WW2 Women Industrial Workers

• JESSICA FLEETWOOD •

The U.S. entered World War II after Japanese bombers attacked Pearl Harbor in Hawaii, on December 7, 1941. Shortly thereafter, President Franklin Roosevelt asked all citizens to join the war effort to build a ”Great Arsenal of Democracy.” Roosevelt assured the nation that this unified effort to build ships and airplanes would out produce and overwhelm the enemy.

Labor shortages quickly emerged when all able-bodied men enlisted as soldiers. Yet there was widespread opposition to hiring women or minorities. Companies began nationwide recruitment campaigns to find draft-exempt men. They lowered the age limits to hire male high school students. It wasn’t enough. The aircraft industry (which was not unionized at the time) led the way immediately after Pearl Harbor, hiring 60 women whose husbands had died in the attack.

Even before Pearl Harbor, wartime manufacturing was gearing up to help Great Britain fight the Axis with the Lend-Lease Program. Incensed that these factories would not hire African American workers, Chicago-based union organizer Asa Philip Randolph (along with the NAACP and the National Urban League) told Roosevelt that 100,000 minorities would march on Washington in the summer of 1941 if the president did not support equal opportunity. In June 1941, Roosevelt issued Executive Order 8802 banning racial discrimination in defense plants.

Thus began the greatest internal migration in the nation’s history. More than 1.2 million Southern black workers migrated to Western and Northern cities for industrial defense jobs. More than 46,000 African Americans moved to the Bay Area between 1941 and 1945.

No city in the U.S. was more affected than Richmond, a small town with a population of 23,000 people before the war started. By war’s end, the city grew to 100,000. Industry grew virtually overnight as well. In response to the war, industrialist Henry J. Kaiser decided to build four shipyards from scratch in Richmond. Eventually, the Richmond Kaiser shipyards employed 90,000 people. Nearly one-third were women.

Kaiser grew famous for introducing mass-production techniques, reducing the fourteen-month time period it took to build a cargo ship to eight weeks. Workers at the four Richmond Kaiser shipyards built 747 ships for the United States Navy and Merchant Marines, outperforming every other shipyard in the country.

The sight of women donning overalls and hoisting heavy equipment inspired the 1942 song ”Rosie the Riveter,” a nickname for female workers that spread across the country. Northern California newspapers referred to their own shipyard-working women as ”Wendy the Welder.”

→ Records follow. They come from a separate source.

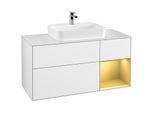 Villeroy und Boch Finion Waschtischunterschrank F421HFGF 120cm, Abdeckplatte white matt, Regal rechts Gold matt, Glossy white lacquer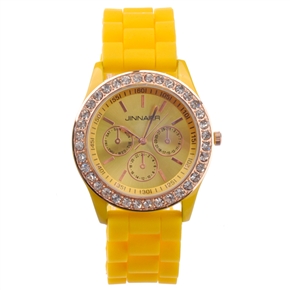 BuySKU69591 Fashion Rhinestones Decorated Round Case Soft Silicone Band Women's Quartz Wrist Watch (Yellow)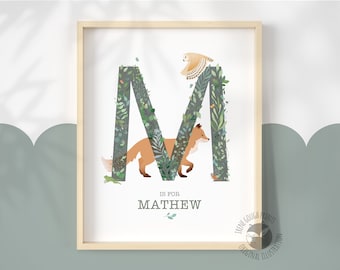 Personalised Woodland Name Print, Name Wall Art, Naming Day Gift, Nursery Bedroom Decor, New Baby Gift, Gender neutral, Initial Art Print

After 1941, shipyards and factories operated around the clock, with workers organized into one of three eight-hour shifts. The last one from midnight to morning was called the swing shift. Recreation changed as well. Movie theaters, nightclubs, and restaurants stayed open as well. Companies instituted cafeterias and on-site food service programs. Kaiser built on-site day care centers and health maintenance organization for his employees.

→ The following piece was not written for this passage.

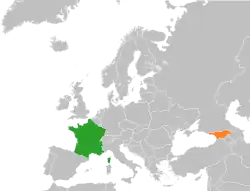 Map indicating locations of France and Georgia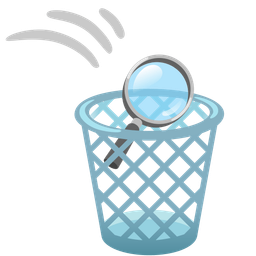 magnifying glass tilted right and wastebasket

By 1945, more than 18 million U.S. women worked in defense industries and support services. Shipyards in the San Francisco Bay Area employed more than 240,000 people. By wars end these shipyards built 4,600 ships-nearly half of all the cargo vessels and warships delivered for the war effort.On a plaque overlooking the Golden Gate Bridge at the Rosie the Riveter Memorial in Richmond’s Marina Bay, a shipyard worker is quoted, ”You must tell your children, putting modesty aside, that without us, without women, there would have been no spring in 1945.”